■ **Activity**:
The task calls for the line containing "Арбуз СНЕЖОК —" and all later lines, through the end of the entries below, to be set down exactly and without pictures.

[Source data]
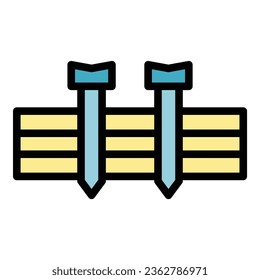 Work nails icon outline vector. Diy repair. Home constructrion color flat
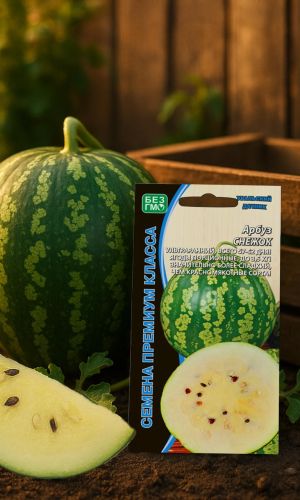 Арбуз СНЕЖОК — Ультраранний, всего 57-62 дня! Ягоды порционные, до 3,5 кг! Значительно более сладкий, чем красномякотные сорта!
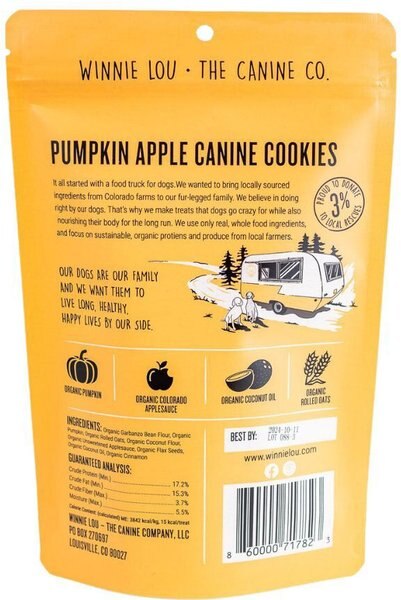 Winnie Lou Pumpkin Canine Cookies Crunchy Dog Treats, 4-oz bag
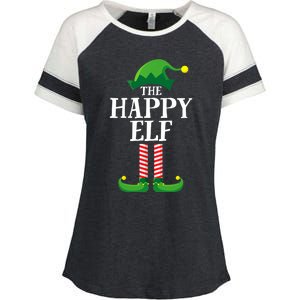 Happy Elf Matching Family Group Christmas Party Enza Ladies Jersey Colorblock Tee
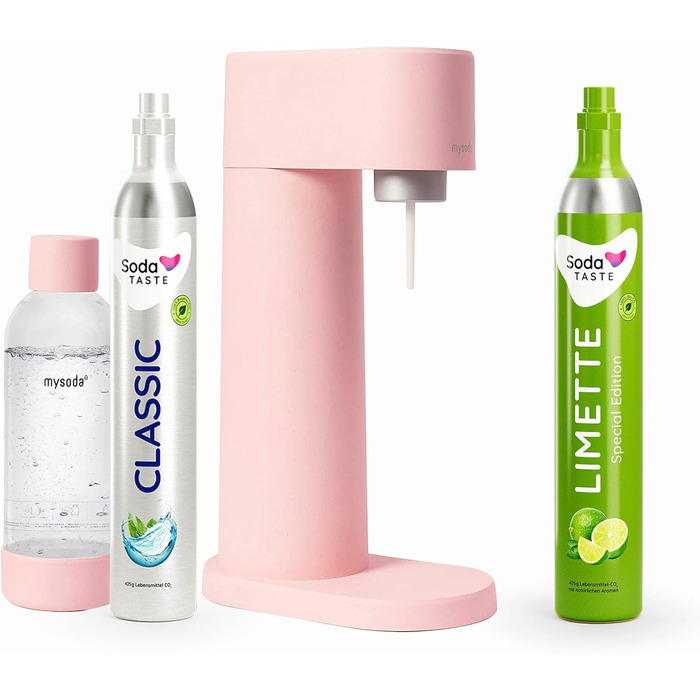 Набір для газування води, 4 предмети, класик + лайм, рожевий Mysoda Woody SodaTASTE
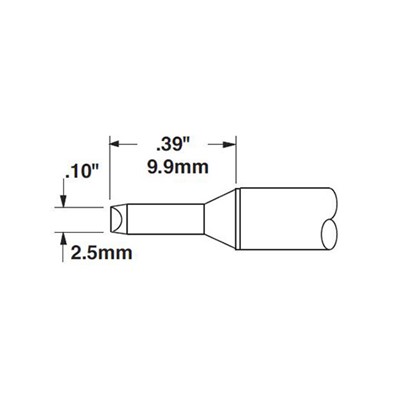 Metcal STTC-133 - STTC 700 Series Conical Soldering Tip Cartridge - 2.5 mm (0.1") - 90°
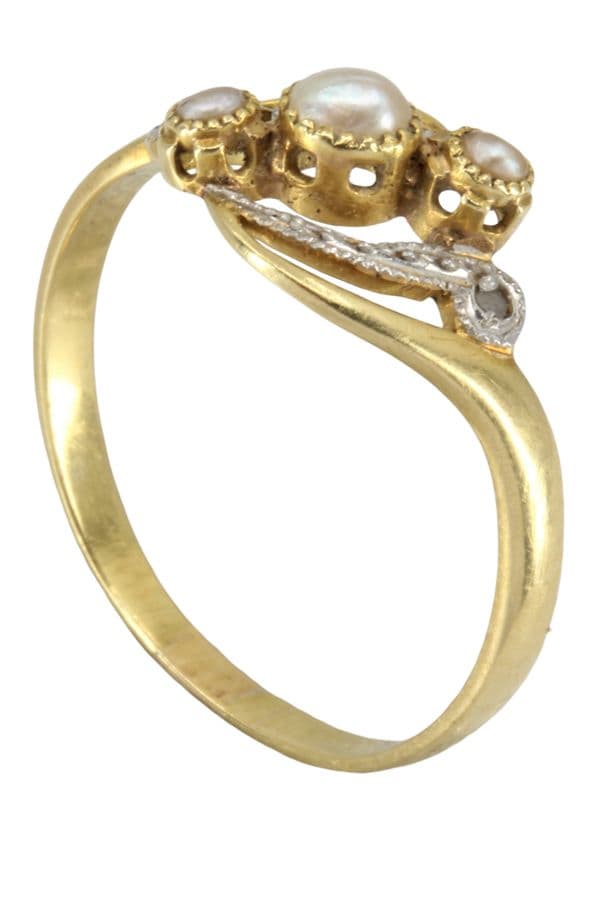 BAGUE PERLES ET DIAMANTS ART-NOUVEAU — vue 6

■ **Exercise result**:
 Арбуз СНЕЖОК — Ультраранний, всего 57-62 дня! Ягоды порционные, до 3,5 кг! Значительно более сладкий, чем красномякотные сорта!
 Winnie Lou Pumpkin Canine Cookies Crunchy Dog Treats, 4-oz bag
 Happy Elf Matching Family Group Christmas Party Enza Ladies Jersey Colorblock Tee
 Набір для газування води, 4 предмети, класик + лайм, рожевий Mysoda Woody SodaTASTE
 Metcal STTC-133 - STTC 700 Series Conical Soldering Tip Cartridge - 2.5 mm (0.1") - 90°
 BAGUE PERLES ET DIAMANTS ART-NOUVEAU — vue 6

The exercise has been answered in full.